Yesterday I had the distinct displeasure of digging through my inbox from 4/1/2011 to 8/1/2011 looking for an email. It was like taking a trip down Nightmare lane.
As a freelancer, your gut instinct should be one of your biggest factors in making a decision about what projects to take or continue working on.
I’ve ignored my gut instinct and a some red flags twice; I’ve completely regretted it both times. The pain, frustration and stress necessary to finish the project was not even worth the money.
One of those projects was long term, which made it worse. One of the weeks, right around Christmas, included multiple 18 hour days and a single 30 hour session. I mistakenly took a nap with my phone near me, only to woken up by the client calling me. When I woke up I felt like I was having heart attack. This was arguably one of the worst days of my life.
This, by the way, was the project I was working on without a contract. I haven’t made that mistake again.
So here are 3 reasons you should pay attention to red flags.

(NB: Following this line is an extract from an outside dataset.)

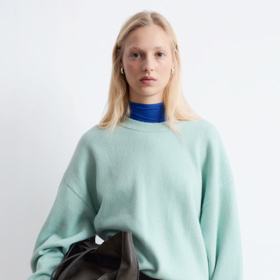 Mátově zelený svetr, H&M, 1990 Kč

1. They give you an insight into who you’re really working with or for.
Most people’s public persona is not who they really are. It’s really, truly is rare to find someone who’s themselves all the time, especially if they run a business or have to manage people. In my experience, every time a red flag has gone up, it’s when that person’s public persona cracks and who they really are bubbles up to the surface (even it it’s just for a moment or 2).
Whenever a project goes sideways, and they inevitably do when there’s red flags, you should be asking yourself do you want to be dealing with this person? In my experience, no, because you’re going to be dealing with a jerk.

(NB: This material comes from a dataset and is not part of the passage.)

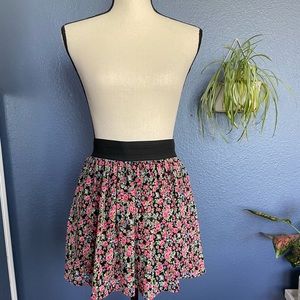 Floral print skirt with elastic band - size medium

2. It’s a sign of things to come.
Whenever I sit down with a potential client and they tell me how much they love marketing, I get a chill running down my back. When I look at examples of marketing they’ve done, if I see that they’re members of the idea of the week club, I write the most ridiculously skewed proposal that will inevitable get rejected (so we both save face), or it’s so lucrative and the scope is so defined that it’s worth my time.

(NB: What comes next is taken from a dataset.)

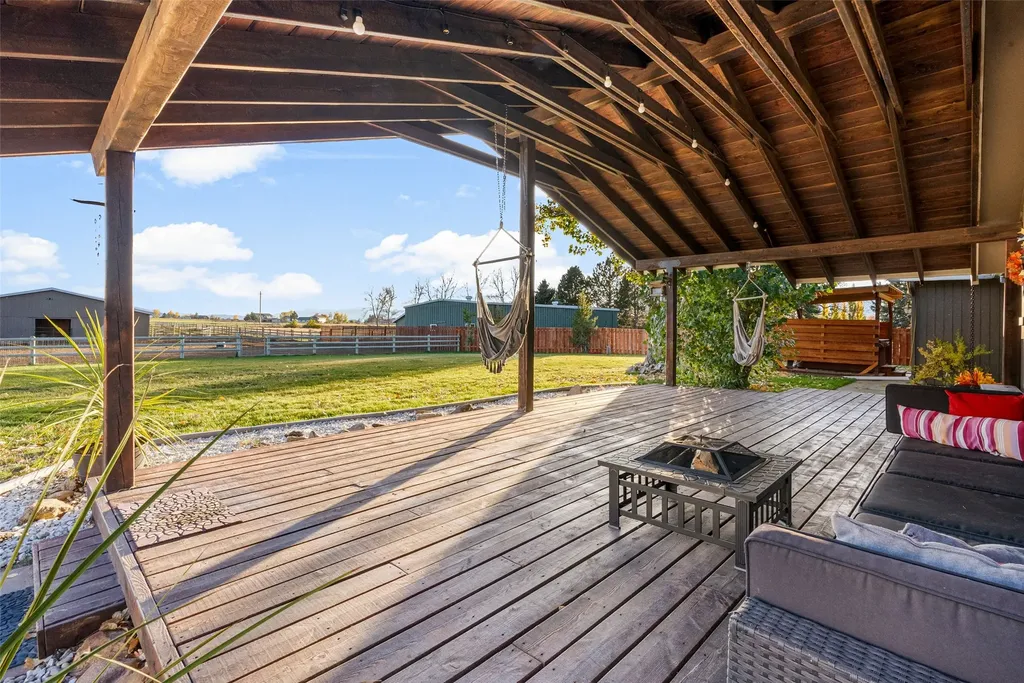 794 Mason Lane Corvallis MT 59828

3. What happens to you when you ignore them.
When I had that rough week, everyone around me felt it. I had no energy and I was really short tempered. Luckily I have some amazing friends that knew it was just a rough patch. The real problem, though, was that it took a while for me to want to open up a text editor and write code for a while. I pushed through and made my deliverables, but it just wasn’t the same. Quite a bit of my work for about a month felt forced.
I was lucky, I managed to recover. I know plenty of people who call it quits after some bad experiences in creative services. It’s a shame too, because many of them have quite a bit of talent, but they just can’t get past the fact that they have to force themselves to do something they are good at.